Les attaques par réflexion appartiennent majoritairement au passé. Pour la plupart, les opérateurs réseaux ont configuré leurs routeurs afin de désactiver la transmission des requêtes ICMP envoyées depuis une adresse broadcast.

Attaque ACK

Pour comprendre comment fonctionne une attaque ACK, il faut se plonger dans le monde du protocole TCP. Quand une connexion TCP est établie, il y a une poignée de main (ou “handshake”). Le serveur à l’origine de la session TCP envoie d’abord une requête SYN (pour synchroniser) au serveur destinataire. Celui-ci répond par un paquet ACK (“acknowledgement”, ou accord). Après cette poignée de main, les données peuvent être échangées. Dans une attaque ACK par réflexion, l’assaillant envoie un grand nombre de paquets SYN avec une adresse IP source falsifiée, pointant vers la victime. Le serveur répond ensuite à l’adresse IP de la victime, avec un paquet ACK, créant l’attaque.

Comme dans les attaques DNS par réflexion, les attaques ACK masquent la source de l’attaque, la faisant apparaître comme provenant de serveurs légitimes.

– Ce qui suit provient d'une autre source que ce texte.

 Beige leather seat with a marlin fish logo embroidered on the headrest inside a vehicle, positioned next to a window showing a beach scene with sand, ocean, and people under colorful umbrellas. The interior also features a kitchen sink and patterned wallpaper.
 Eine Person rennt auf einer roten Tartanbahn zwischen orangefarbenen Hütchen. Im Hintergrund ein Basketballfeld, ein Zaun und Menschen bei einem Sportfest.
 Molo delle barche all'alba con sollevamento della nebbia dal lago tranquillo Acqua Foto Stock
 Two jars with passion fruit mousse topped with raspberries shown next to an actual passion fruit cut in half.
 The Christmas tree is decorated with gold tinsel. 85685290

Toutefois, contrairement à une attaque par réflexion DNS, il n’y a pas de facteurs amplificateur: la bande passante depuis les paquets ACK est la même que la bande passante que l’attaquant a utilisé pour générer les paquets SYN. Le réseau Cloudflare est configuré pour ignorer les paquets ACK qui ne correspondent à aucun paquet SYN, ce qui annihile ce type d’attaque.

Attaques de la couche applicative

Une nouvelle sorte d’attaque vise la 7ème couche du modèle OSI, la couche applicative. Ces attaques se concentrent sur les caractéristiques spécifiques des applications Web, créant des engorgements. Par exemple, l’attaque dite Slow Read envoie des paquets lentement par des connexions multiples. Comme Apache crée un nouveau thread pour chaque connexion et que les connexions restent ouvertes tant que des données sont envoyées, un assaillant peut submerger un serveur Web en épuisant sa capacité de traitement.

Cloudflare offre des protections contre chacune de ces attaques et en pratique nous réduisons généralement les attaques HTTP de 90%. Pour la plupart des attaques et pour la plupart de nos clients, cela suffit à les garder en ligne. Toutefois, les 10% du trafic qui échappent aux protections traditionnelles peuvent suffire à submerger le serveur web dans le cas d’une attaque de grande ampleur, ou dans le cas d’un clients dont les ressources sont limitées. Dans ce cas, Cloudflare offre une fonction de sécurité appelé le mode ”Je Suis Attaqué” (I’m Under Attack – IUAM).

Le mode IUAM est un niveau de sécurité que vous pouvez mettre en place sur votre site quand vous êtes attaqués. Quand le mode IUAM est actif, Cloudflare ajoutera une couche supplémentaire de protection pour éviter au trafic HTTP malveillant d’être transmis à votre serveur. Pendant qu’un certain nombre de vérifications sont faites en arrière-plan, une page intermédiaire est présentée aux visiteurs de votre site pendant 5 secondes durant lesquelles les vérifications sont effectuées. Voyez cela comme une simulation où les tests sont automatiques et où les visiteurs n’auront jamais à remplir de CAPTCHA.

Après avoir été certifiés comme légitimes par des tests automatiques, les visiteurs peuvent consulter votre site sans problème. Javascript et les cookies sont nécessaires pour passer ces tests, ainsi que pour en mémoriser le résultat d’une page à l’autre. La page que vos visiteurs verront en cas d’activation du mode IUAM peut être personnalisée pour respecter l’apparence de votre site. Le mode IUAM ne bloque pas les moteurs de recherche ou les adresses explicitement autorisées dans votre compte Cloudflare.